Interestingly, Google is the former workplace of current Yahoo CEO Marissa Mayer, where she served as a usability leader and spokesperson.
The deal underway with Google is much like the current one with Microsoft. Yahoo will deliver the traffic with its search engine and share in the revenue from Adwords.
This new non-exclusive agreement is being crafted to meet the best interests of both companies. Yahoo will benefit from using Google’s more sophisticated search advertising service while preserving its autonomy to work with any other search advertising service it wants, be it Microsoft or a third party. Yahoo won’t be obligated to send Google any minimum number of queries, and it retains sole discretion to decide which queries to send.
Meanwhile, Google will increase its earnings by reaching a search demographic it wouldn’t otherwise. Advertisers will flock to Adwords in greater numbers once they see it can help them reach users on both search engines. The percentage of earnings Google will make will depend on whether the ads are displayed on mobile, desktop, in the US, or outside the US.
This is a smart move for Yahoo. Although in Yahoo’s ideal world they would own their entire search experience, the reality is that they’re not going to be taking Google’s place anytime soon.
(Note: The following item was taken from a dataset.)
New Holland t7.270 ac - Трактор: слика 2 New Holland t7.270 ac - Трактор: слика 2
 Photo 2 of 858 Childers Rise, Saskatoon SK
Mayer and other Yahoo higher-ups know this, and instead of fighting it, they are embracing it. They’re finding a way to make money off the superiority of their competitor’s search product.
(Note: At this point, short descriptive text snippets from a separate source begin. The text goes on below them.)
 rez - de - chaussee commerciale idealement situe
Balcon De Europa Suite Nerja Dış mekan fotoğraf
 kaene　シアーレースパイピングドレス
Nevertheless, Yahoo doesn’t want to let itself get left behind in the search advertising race. Mobile is still a viable battleground which none of the major search engines–including Google–have been able to fully conquer. This provides Yahoo with ample opportunity, especially given the fact that mobile searches have now surpassed desktop searches. Its native ad program, known as Yahoo Streaming, is designed to appeal to a broader base of advertisers across the economic spectrum.
Then there’s non-browser advertising. When 90 percent of the time people spend on their smartphones is in apps–not the browser–the company that best learns how to reach audiences through this medium is going to come out winning. Google has the clear advantage in this realm, given its ownership of the Android operating system. Yahoo is trying to catch up with projects like Aviate, a launcher in the vein of Google Now that suggests apps for you to use.
Yahoo may still suffer from a bad reputation as a relic of the nineties and perpetual second place to Google, but these current initiatives show that it’s still a viable company looking to for a field in which to distinguish itself.